I have student loans at a rate of 6.55%. I have zero credit card debt - and have a card with a rate of 6%. I have a comfortable amount saved for emergencies and have some extra income that can go towards debt elimination.

Does it make any sense to use the line of consumer credit to save on student loan interest? If so, what's the smart way to do that?

EDIT Great answers, folks - and I wanted to follow up with two other bits of information. I do not qualify for the deduction and my thought was to "get around" any cash advance or transfer fees by basically charging my monthly expenses to the card, putting the cash towards the student loan.

3 Answers 3


The are several issues you need to consider:

  • The rate is not guaranteed to be fixed. If you are even one day late the interest rate can jump to 24%.
  • Minimum Payment. Most credit cards expect you to pay 2% per month. That may make you monthly payment to the credit card more than you loan payment
  • There is no going back. If you want to switch back to a student loan you can't.
  • This will be a cash advance/balance transfer. Understand all the fees associated with the transfer.
  • Can you get a get a credit line big enough? many people owe 10K to 50K in loans.
  • Tax implications?
  • Forgiveness programs. Some employers will forgive parts of the loan, or if you work in public service for X years they forgive some of the loan. They will not view the credit card debt the same way.

It doesn't make sense. You can deduct qualified student loan interest from your taxes, you cannot deduct credit card interest.
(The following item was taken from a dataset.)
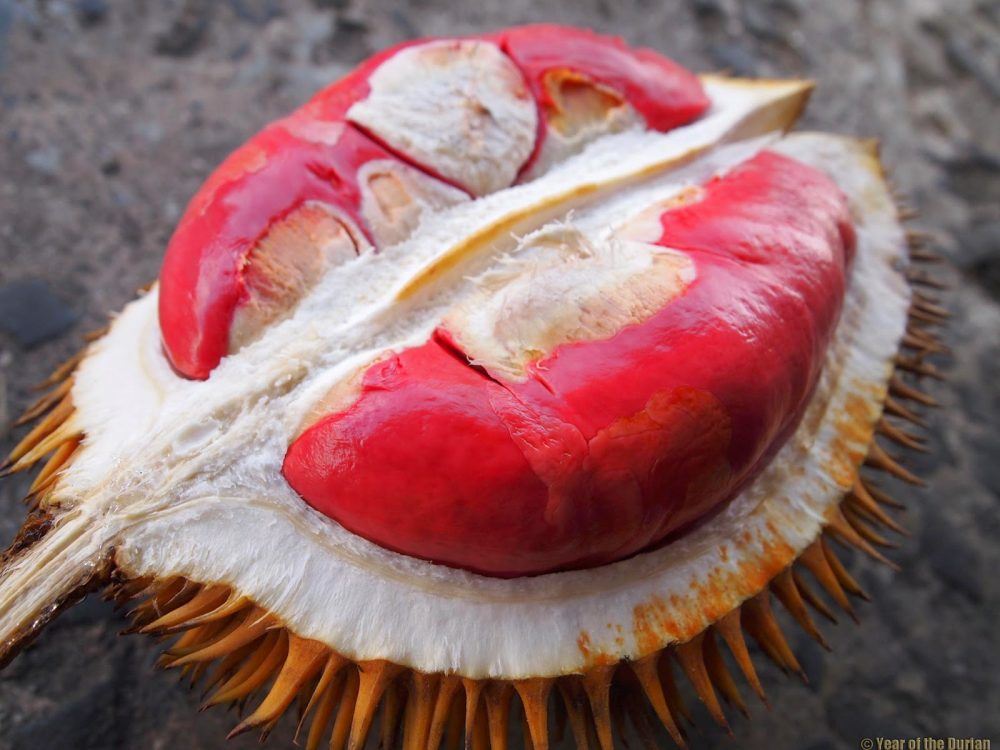 hantu durian kena tahu tentang 7 jenis durian ni! tapi betul ke ada durian warna merah?!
If you cannot take this deduction and don't have expectations of being able to in the future - then it would make sense, but do consider the credit card APR potential changes. Also, credit card might consider that to be a cash advance, which usually have much higher APR's.

Here's the pub on student loan interest deduction.

  • I was gonna point out the cash advance part. I bet that number is closer to 20%. Killer!
    – MrChrister
    Jun 19, 2012 at 23:13
  • 4
    @MrChrister Actually it is most likely to be considered a balance transfer which may or may not carry a fee. Many banks will even give you checks and treat them as a balance transfer even if you write them out to your self and cash them (Citi, Capital one, just to name a few). Good call on the deduction littleadv defiantly something I would have overlooked. Jun 19, 2012 at 23:31
  • @KirillFuchs, taking SEE makes marvels..:) You're probably right about the balance transfer
    – littleadv
    Jun 19, 2012 at 23:34

The devil is in the details. The SL debt costs you less than the stated rate on the card even if you are in the 10% bracket. The credit card rate is probably not fixed, when rates rise again, it will likely go up. If you want to get rid of the loan faster, pay it off faster, i.e. make higher payments each month.